We use the CPI 260® assessment in much of our coaching with faculty, staff, and higher administration. This 260-question online assessment provides insight about how a given leader is likely to be viewed by neutral and objective others. It also compares an individual’s characteristics with successful leaders in business.
Despite the business-focused comparison group, we have been impressed with this tool’s capacity to give useful feedback and worthwhile food for thought to faculty about their leadership strengths and weaknesses. Equally significant, however, have been the differences between our academia-based clients and the business world referenced by this assessment.
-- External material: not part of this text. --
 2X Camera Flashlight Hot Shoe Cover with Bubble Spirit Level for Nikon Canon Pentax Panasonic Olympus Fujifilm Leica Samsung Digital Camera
This series of blog posts highlights the differences and peculiarities we have found to be most important in our work with academics.
In this blog post, we give a brief overview of how the CPI 260® works as a background to the academia-specific differences we describe in subsequent posts.
How it Works
The CPI 260® reports on 26 separate measures including qualities such as empathy, dominance, capacity for status, amicability, sensitivity, flexibility, tolerance, and insightfulness.
Each of these scores ranges from 0 to 100 within a standardized normal distribution normed at 50. In the general population, 68% of scores (1 standard deviation) fall in the 40-60 range. 16% of scores are higher than 60, while the remaining 16% are lower than 40.
While the distribution in the general population is symmetric around the mean, successful business leaders have scores that are higher than 50 on nearly all of these measures. (There is one notable exception to this pattern – we’ll highlight this in an upcoming post.)
Patterns in Academia
The first notable pattern we have seen in our work with academics is that faculty on the whole are much more similar to business leaders than to the general population – whether or not they have held a formal administrative role. This makes sense to us. While faculty careers are not touted as leadership, the requirements of classrooms, labs, funding mechanisms, mentoring, committee-work, and disciplinary contributions draw on and develop leadership skills.
There is a myth in academia that leadership=administration=the dark side. In truth, leadership is neither optional nor problematic for faculty. Leadership is the warp and weft of a career that is designed to move thought, knowledge, policy, practice, product, governance, commerce, peers, and students in directions that matter.